Mas trabalho formal antecipou queda; fevereiro tem algum alívio

Fernando Dantas

O aumento proporcional das classes D e E e a redução das classes A, B e C em janeiro mudaram a tendência que prevalecia desde o início da crise em setembro. Até dezembro, o padrão de fortalecimento da classe média do governo Lula estava relativamente preservado, segundo os cálculos de Marcelo Neri, diretor do Centro de Política Social (CPS) da Fundação Getúlio Vargas (FGV).

As classes A e B tiveram, é verdade, um recuo muito leve na participação total da população das seis regiões metropolitanas da Pesquisa Mensal de Emprego (PME), saindo de 15,4% para 15,3% entre setembro e dezembro de 2008. Nas outra classes, porém, a tendência dos últimos anos foi mantida. A classe C, a maior de todas, prosseguiu na sua rota de crescimento naquele período, aumentando de 53,2% das regiões metropolitanas para 53,8%. As classes D e E, por outro lado, encolheram de, respectivamente, 13,5% para 13,2%, e de 17,9% para 17,7% - de acordo com o ocorrido na maior parte do governo Lula.

Segundo Neri, "foi só em janeiro que soou o alarme de que, na área social, a crise não era apenas uma marolinha, embora ainda não esteja caracterizado que seja um tsunami".

Os sinais de reversão vieram antes de janeiro, porém, em outros indicadores que reforçam a visão do aumento de importância da classe média nos últimos anos. Para Neri, um dos mais importantes é o emprego formal, que teve um excelente desempenho desde 2004, impulsionado pelos efeitos no Brasil do boom global. Antecipando o encolhimento da classe média em janeiro, quase 800 mil empregos formais foram perdidos a partir de novembro.

Fevereiro, por outro lado, foi um mês melhor do que janeiro para a classe média, segundo Neri.

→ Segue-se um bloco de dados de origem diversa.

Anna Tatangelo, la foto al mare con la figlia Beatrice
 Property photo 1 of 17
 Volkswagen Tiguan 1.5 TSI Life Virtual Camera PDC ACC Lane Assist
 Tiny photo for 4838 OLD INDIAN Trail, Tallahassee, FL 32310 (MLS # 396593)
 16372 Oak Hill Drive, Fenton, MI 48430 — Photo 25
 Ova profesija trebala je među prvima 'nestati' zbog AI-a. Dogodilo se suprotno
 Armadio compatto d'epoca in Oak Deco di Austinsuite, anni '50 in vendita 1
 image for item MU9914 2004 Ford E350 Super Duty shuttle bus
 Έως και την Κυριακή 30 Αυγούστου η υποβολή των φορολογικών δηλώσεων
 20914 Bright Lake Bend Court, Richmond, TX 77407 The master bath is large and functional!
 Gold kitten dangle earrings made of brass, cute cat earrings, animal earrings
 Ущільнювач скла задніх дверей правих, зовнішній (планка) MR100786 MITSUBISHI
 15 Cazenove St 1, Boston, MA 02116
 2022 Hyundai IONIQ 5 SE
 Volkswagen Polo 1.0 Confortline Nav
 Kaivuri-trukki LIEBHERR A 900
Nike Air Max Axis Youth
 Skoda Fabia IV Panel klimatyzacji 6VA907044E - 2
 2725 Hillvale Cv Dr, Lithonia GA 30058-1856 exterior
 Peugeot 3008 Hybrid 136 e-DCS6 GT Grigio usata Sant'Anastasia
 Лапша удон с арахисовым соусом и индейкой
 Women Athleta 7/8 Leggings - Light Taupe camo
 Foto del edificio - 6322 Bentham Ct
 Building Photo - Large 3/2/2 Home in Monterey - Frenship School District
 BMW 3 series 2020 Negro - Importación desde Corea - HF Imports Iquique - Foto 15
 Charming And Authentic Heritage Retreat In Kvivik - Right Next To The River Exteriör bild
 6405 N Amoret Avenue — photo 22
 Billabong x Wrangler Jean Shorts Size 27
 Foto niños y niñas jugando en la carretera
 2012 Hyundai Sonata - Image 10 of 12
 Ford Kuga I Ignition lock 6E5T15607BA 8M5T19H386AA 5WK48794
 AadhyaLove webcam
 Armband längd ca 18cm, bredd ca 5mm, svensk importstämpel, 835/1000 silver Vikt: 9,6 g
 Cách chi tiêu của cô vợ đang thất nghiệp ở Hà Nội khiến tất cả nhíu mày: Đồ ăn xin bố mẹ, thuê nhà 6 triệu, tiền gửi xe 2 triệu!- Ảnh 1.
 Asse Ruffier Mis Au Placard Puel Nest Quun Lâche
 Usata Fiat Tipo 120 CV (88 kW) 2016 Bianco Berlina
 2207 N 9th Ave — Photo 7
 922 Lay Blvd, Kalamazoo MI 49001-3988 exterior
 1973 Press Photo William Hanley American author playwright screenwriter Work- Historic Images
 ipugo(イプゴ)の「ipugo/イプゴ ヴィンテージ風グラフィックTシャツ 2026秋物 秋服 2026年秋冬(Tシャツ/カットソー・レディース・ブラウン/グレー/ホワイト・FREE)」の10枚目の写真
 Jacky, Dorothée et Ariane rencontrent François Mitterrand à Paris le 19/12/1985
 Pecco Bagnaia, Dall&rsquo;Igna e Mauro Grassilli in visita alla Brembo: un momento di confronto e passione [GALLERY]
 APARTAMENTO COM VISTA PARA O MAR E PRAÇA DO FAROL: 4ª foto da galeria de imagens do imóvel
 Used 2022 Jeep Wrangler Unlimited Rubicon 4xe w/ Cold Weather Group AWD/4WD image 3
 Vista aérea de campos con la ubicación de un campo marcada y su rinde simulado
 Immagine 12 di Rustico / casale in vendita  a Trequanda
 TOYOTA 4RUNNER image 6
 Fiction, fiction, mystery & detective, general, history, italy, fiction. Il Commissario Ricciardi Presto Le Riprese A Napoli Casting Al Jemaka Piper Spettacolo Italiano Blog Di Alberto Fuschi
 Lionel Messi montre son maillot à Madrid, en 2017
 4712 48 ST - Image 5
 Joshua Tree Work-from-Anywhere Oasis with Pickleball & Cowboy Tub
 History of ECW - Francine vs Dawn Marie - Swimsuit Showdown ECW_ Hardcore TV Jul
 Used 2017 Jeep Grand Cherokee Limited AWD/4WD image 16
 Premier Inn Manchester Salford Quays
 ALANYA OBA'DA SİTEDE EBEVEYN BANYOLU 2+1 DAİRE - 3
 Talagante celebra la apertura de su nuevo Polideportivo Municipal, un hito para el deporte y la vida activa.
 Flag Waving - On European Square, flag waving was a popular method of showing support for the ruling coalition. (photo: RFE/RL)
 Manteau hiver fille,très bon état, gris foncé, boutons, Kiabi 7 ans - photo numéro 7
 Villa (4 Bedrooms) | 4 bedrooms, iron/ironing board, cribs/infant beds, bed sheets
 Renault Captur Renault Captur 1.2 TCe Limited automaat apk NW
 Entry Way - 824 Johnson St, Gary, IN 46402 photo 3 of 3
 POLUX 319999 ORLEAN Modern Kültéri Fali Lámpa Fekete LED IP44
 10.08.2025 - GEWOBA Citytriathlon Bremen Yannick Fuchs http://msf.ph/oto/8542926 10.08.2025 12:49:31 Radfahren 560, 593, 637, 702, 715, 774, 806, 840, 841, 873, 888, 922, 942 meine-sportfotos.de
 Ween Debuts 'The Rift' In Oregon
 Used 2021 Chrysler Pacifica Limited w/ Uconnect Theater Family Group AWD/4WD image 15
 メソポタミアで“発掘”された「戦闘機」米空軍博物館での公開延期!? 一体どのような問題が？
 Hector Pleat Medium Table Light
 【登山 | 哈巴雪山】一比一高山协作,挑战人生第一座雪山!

Todos os seus cálculos são baseados nos chamados "microdados" da PME. Apesar de a PME de fevereiro já ter sido divulgada, o CPS só deve fazer o mesmo cálculo realizado para janeiro dentro de alguns dias.

Neri, porém, numa análise preliminar do resultado mais ameno da PME em fevereiro (a renda ficou quase estável), prevê que provavelmente o mês "ficou no zero a zero". Isto significa que não deve ter havido uma recuperação expressiva das perdas de janeiro, mas tampouco um aprofundamento da tendência de deterioração.

"Fico mais tranquilo com fevereiro", diz, mas acrescenta que é preciso esperar os próximos meses para verificar se o ocorrido em janeiro é um ponto de inflexão histórico nos avanços sociais dos últimos anos, ou é apenas um fato isolado.

A divisão de classes empregada por Neri utiliza a renda familiar total, extrapolada por métodos estatísticos da renda do trabalho que consta da PME. A classe E tem rendimentos mensais de zero a R$ 800; a classe D, de R$ 800 a R$ 1,1 mil; a classe C, de R$ 1,1 mil a R$ 4,8 mil; e as classes A e B de R$ 4,8 mil em diante.

Apesar de não apostar que o baque de janeiro vai se repetir nos próximos meses, o economista acha que o risco de recuo nas conquistas sociais aumentou, e o governo deve usar seus instrumentos para prevenir uma eventual deterioração mais profunda. Na área econômica, Neri considera que o Banco Central ainda pode derrubar significativamente a taxa básica de juros. Na área social, ele vê o Bolsa-Família como o principal anteparo para a população mais pobre.